Mit zahlreichen Einkaufstüten beladen, biegen Gülcan Karagöz und Marisa Ferreira freudestrahlend in das nächste Geschäft ein. Es ist kurz nach 20 Uhr – vor den Freundinnen liegen noch zwei weitere Stunden Night Shopping im Shoppi Spreitenbach. Karagöz ist Mutter von zwei Kindern und findet daher zu normalen Öffnungszeiten selten Zeit, um einkaufen zu gehen. «Heute passt mein Mann auf die Kinder auf und ich freue mich auf einen entspannten Shoppingtrip», sagt die 36-Jährige.

Marisa Ferreira wollte ihrer Freundin an diesem Abend eigentlich nur beratend zur Seite stehen, schleppt aber nun noch mehr Taschen mit sich herum als Karagöz selbst. «Wir sind wohl dem Kaufrausch erlegen», sagt Ferreira.

Die Aktion des Shoppi, zweimal im Jahr bis um 22 statt 20 Uhr geöffnet zu haben, finde sie sinnvoll. «Die Geschäfte im Shoppi müssen aber nicht jeden Freitag so lange geöffnet bleiben», so die Neuenhoferin. Dann würde nicht nur der Reiz am Night Shopping verloren gehen, sondern auch die Motivation der Verkäuferinnen.
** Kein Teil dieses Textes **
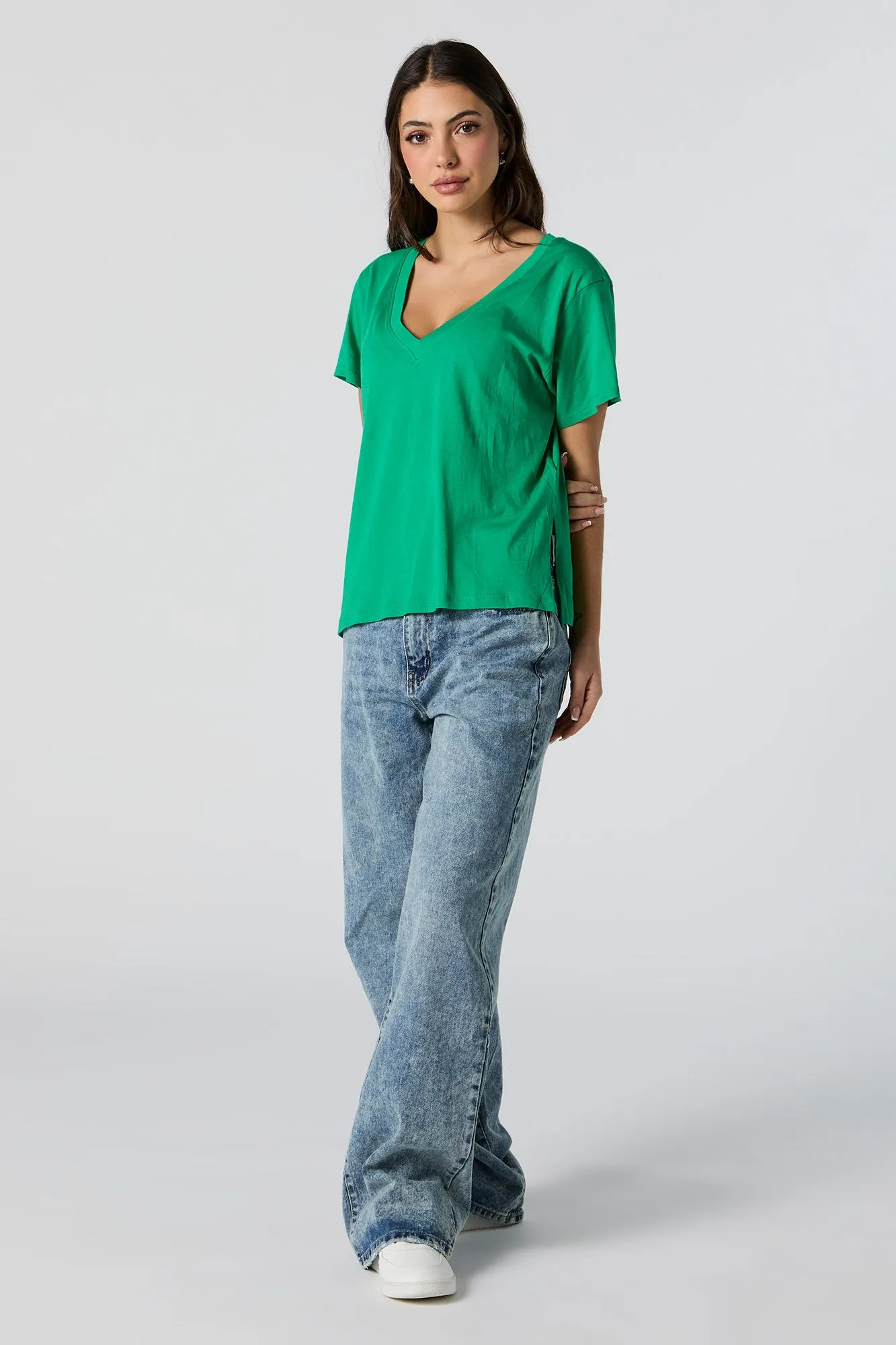 Oversized V-Neck T-Shirt sold by Urban Planet product image thumbnail 3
Tatsächlich freuen sich nicht ganz alle über die verlängerten Öffnungszeiten an diesem Freitagabend. Während der Besucheransturm immer grösser wird, verschlechtert sich die Laune einiger Verkäufer und Verkäuferinnen zunehmend. Der ständige Blick auf die Uhr verrät das Erhoffen eines baldigen Feierabends. Liliana Lorente und Marina Kovacevic arbeiten in «The Gallery», einem der Läden auf der Übergangspassage im Shoppi. Sie verkaufen Kleidung, Taschen und Schmuck. Die gedämpfte Stimmung, die viele ihrer Kollegen an den Tag legen, können die beiden Verkäuferinnen nicht nachvollziehen.

«Es ist alles eine Einstellungssache. Wir sehen das Night Shopping positiv und haben daher auch gute Laune», sagt Lorente. Es sei ja schliesslich nur zweimal im Jahr Night Shopping. «Ich gönne es vor allem jenen Kunden, die sonst nicht zum Einkaufen kommen», so Kovacevic.
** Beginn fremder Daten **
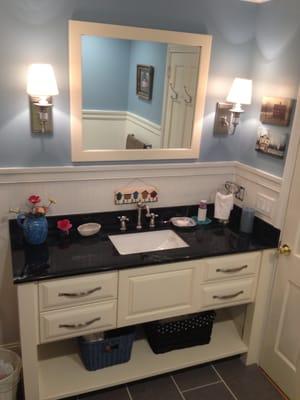 My custom bathroom vanity & mirror!  I am so happy!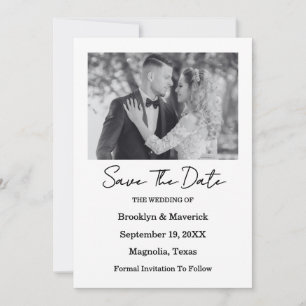 Tarjeta de Foto Elegante en Blanco y Negro para An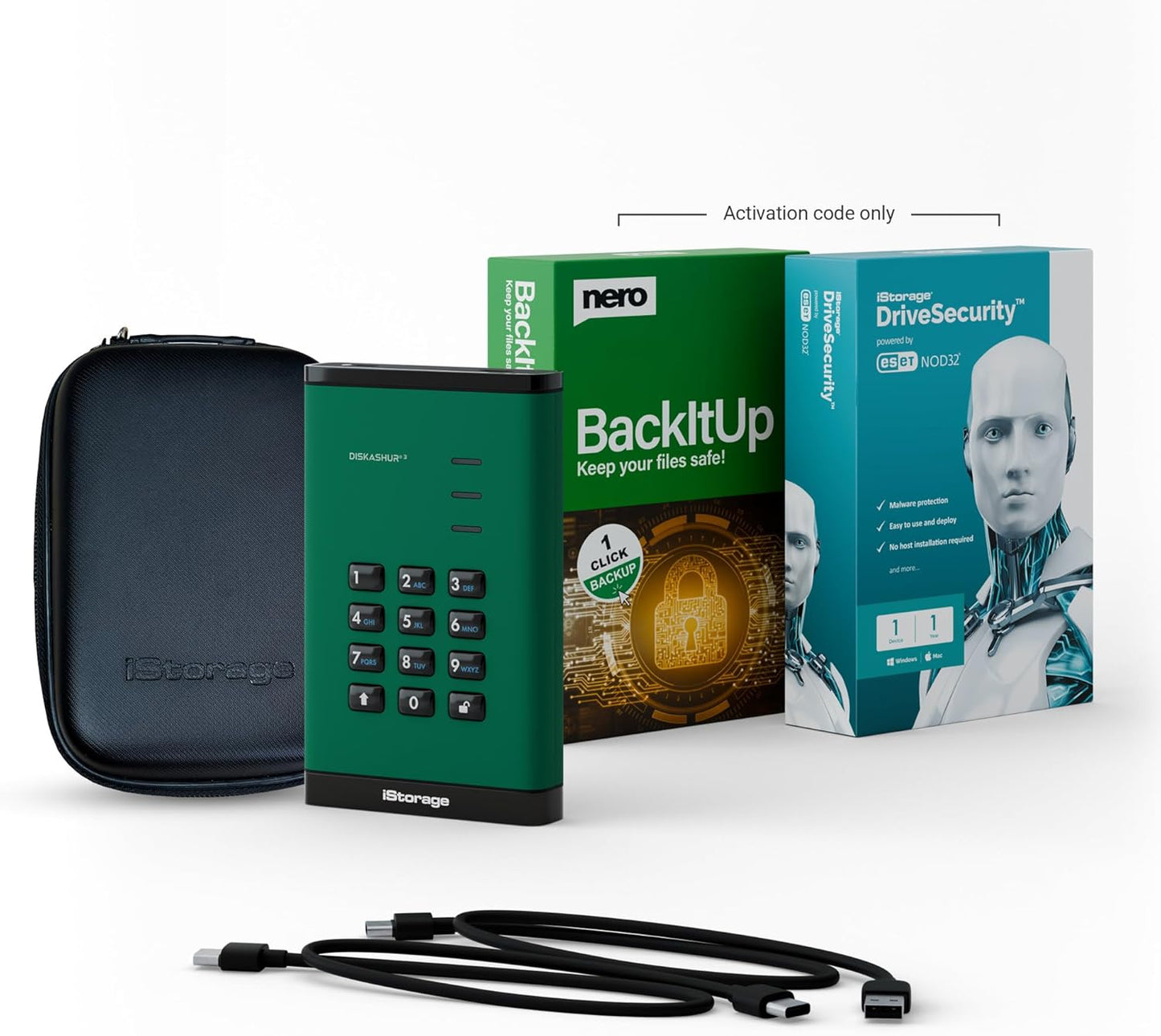 iStorage diskAshur3 SSD 2TB Green - Secure Portable Solid State Drive - Password Protected - Dust & Water Resistant - Hardware Encryption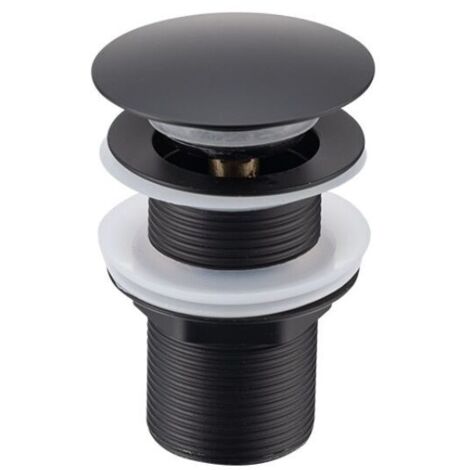 KZQ Perforato – Piletta per lavello, Piletta a scomparsa con troppopieno automatico, Lavello nero universale, Vasca da bagno, Bagno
Dass in anderen Geschäften am Night Shopping weniger gute Stimmung herrscht, dafür hat Lorente eine Erklärung. «Viele Angestellte haben Angst, dass es nicht bei den aktuellen Ladenöffnungszeiten bleibt und die Läden bald jeden Freitag bis 22 Uhr geöffnet bleiben.» Die 16-jährige Vjollea Ademi aus Brugg ist selbst im Verkauf tätig und kann den Unmut einiger Angestellten nachvollziehen.
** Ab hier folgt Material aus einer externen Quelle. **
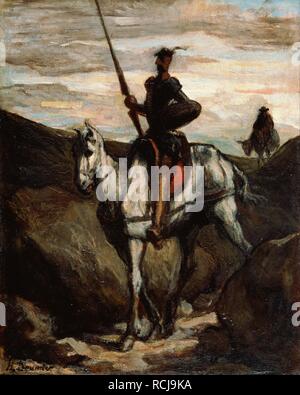 Don Quijote in die Berge. Museum: Bridgestone Museum of Art Autor: Daumier, Honoré. Stockfoto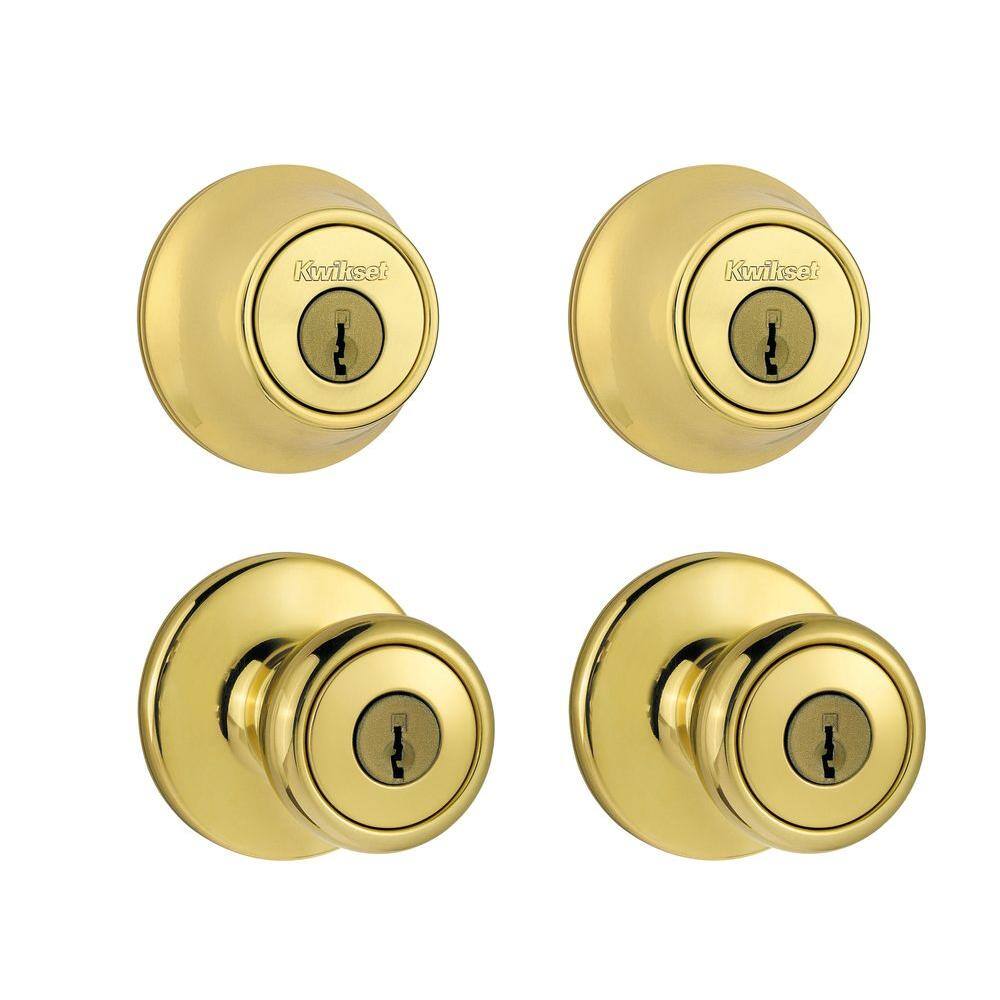 Kwikset Tylo Polished Brass Exterior Entry Door Knob and Single Cylinder Deadbolt Project Pack Combo Pack 92420-031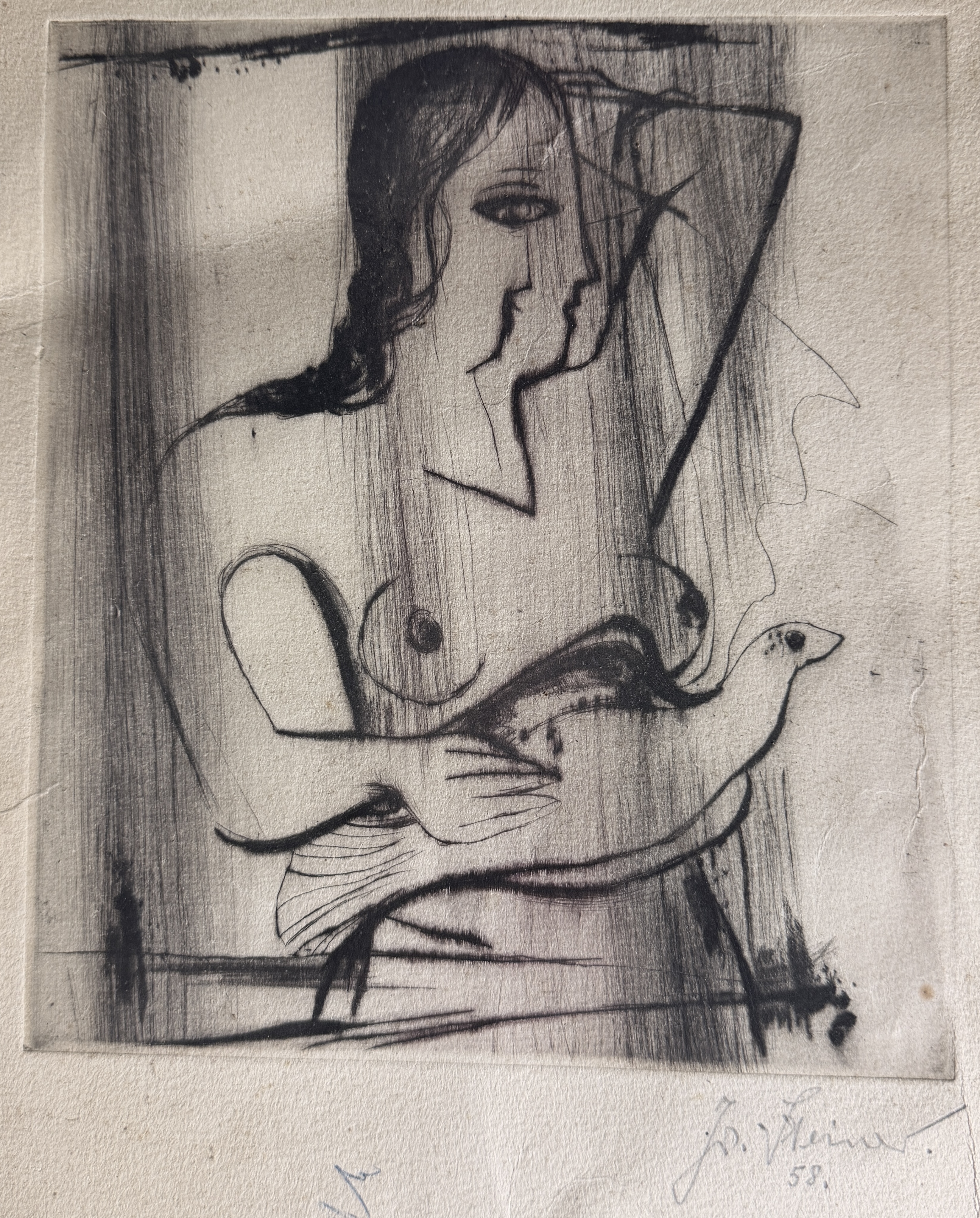 Jo. Steiner, Modernist Etching with Drypoint, Female Nude with Bird, 1958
Dennoch geniesst sie es, einmal nicht selbst hinter dem Verkaufstresen stehen zu müssen und selbst einkaufen zu können. «Meine Arbeitszeiten lassen es nicht zu, unter der Woche oder am Samstag einkaufen zu können», sagt sie.

Der um zwei Stunden verlängerte Shopping-Spass lockt mehrheitlich junges Publikum nach Spreitenbach, das den Feierabend mit einer Einkaufstour ausklingen lassen will. Mittlerweile ist es 21 Uhr und Sacha Wernli und Pascal Schaerer aus Wohlen sind auf ihrer Suche nach Sommerbekleidung bereits fündig geworden. «Wir haben am Samstag immer Schule, die Shopping Night kam wie gerufen», so Wernli. Da er nächste Woche in die Ferien verreise, sei es höchste Zeit gewesen, sich kurze Hosen zu kaufen, sagt der 21-Jährige.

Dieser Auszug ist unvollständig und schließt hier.